Lipton suggests that the disease might be treatable with the experimental drug memantine, which blocks excessive NMDA receptor activity while sparing physiological receptor activity. This selectivity gives memantine an edge over other glutamate antagonists that have failed in clinical trials, Lipton says. Currently in advanced clinical studies for other neurodegenerative diseases, memantine will soon be tested in a large trial of glaucoma patients aimed at preserving vision in people who fail standard therapy.

Designer Drug Safe and Effective Against
Rheumatoid Arthritis

Handing physicians a new tool to fight rheumatoid arthritis, researchers led by Michael Weinblatt, HMS professor of medicine at Brigham and Women's Hospital, found that a genetically engineered drug called etanercept is safe and effective in treating the disease.

In the January 28 New England Journal of Medicine, Weinblatt and scientists from six other medical centers describe a double-blind, six-month trial in which they administered etanercept together with methotrexate--the standard treatment for rheumatoid arthritis--to 89 men and women aged 26 to 71. Many patients continue to have active disease despite receiving methotrexate.

In patients receiving both drugs, the median number of tender joints dropped by 75 percent; the number of swollen joints decreased by 78 percent. The corresponding improvements for patients receiving methotrexate and placebo were 39 percent and 33 percent. Thirty-nine percent of etanercept patients and 3 percent of control patients improved by 50 percent using criteria set by the American College of Rheumatology.

A slight rash at the injection site was the only common side effect attributable to etancercept, and previous studies have shown the drug to be safe when given for 18 months, the authors note.

Etanercept is designed to inhibit the inflammatory cytokine tumor necrosis factor alpha (TNF alpha). Approved by the FDA last November, the drug is a recombinant protein consisting of two TNF alpha receptors fused with part of a human antibody. As a protein drug, however, it comes with certain disadvantages: it is expensive to manufacture and must be injected twice a week. A similar drug, infliximab, is awaiting FDA approval.

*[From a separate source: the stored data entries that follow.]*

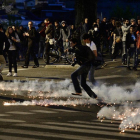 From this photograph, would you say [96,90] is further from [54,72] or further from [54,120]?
[54,72]

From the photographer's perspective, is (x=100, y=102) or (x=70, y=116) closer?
(x=70, y=116)

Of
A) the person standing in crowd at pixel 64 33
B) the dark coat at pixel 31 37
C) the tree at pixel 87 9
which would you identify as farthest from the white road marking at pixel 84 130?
the tree at pixel 87 9

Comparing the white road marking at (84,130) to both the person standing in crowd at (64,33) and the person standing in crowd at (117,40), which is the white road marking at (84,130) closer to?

Knockout Mice Bridge Divide in Diabetes Research

Despite intensive study, scientists still lack a unifying hypothesis for the development of type 2 diabetes, a disease that afflicts more than 100 million people worldwide. In a report in the February 5 Cell, HMS researchers now offer such an explanation.

Research into type 2, or non-insulin dependent, diabetes has long been divided into two camps: those researchers who focus on how muscle, fat and the liver become insulin resistant over time, and those who study the pancreatic beta cells' increasing inability to churn out enough of the hormone to compensate for the peripheral tissues' numbness to insulin. But it has never been clear how these two pathological processes are connected.

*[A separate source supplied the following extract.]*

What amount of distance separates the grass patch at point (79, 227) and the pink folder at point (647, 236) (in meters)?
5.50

In this study, researchers led by C. Ronald Kahn, the Mary K. Iacocca professor of Medicine at HMS and director of Joslin Diabetes Center, created "conditional knockout" mice, in which the gene of interest is disrupted only in a specific tissue. The mice lacked the gene for the insulin receptor only in their pancreatic beta cells, allowing Kahn's team to look at insulin signaling apart from its confusing web of body-wide interactions and study it at the suspected source of the disease, pancreas.

The engineered mice were unable to release an initial burst of insulin in response to glucose. Like humans with early stage disease, the mice developed a progressive inability to handle a glucose challenge. The researchers suggest that a twofold insulin defect is at play in the pancreas: beta cells themselves become resistant to insulin, which in turn impairs their ability to secrete insulin. Coupled with insulin resistance in peripheral tissues, these defects could result in the classical pathology of this disease, the authors write.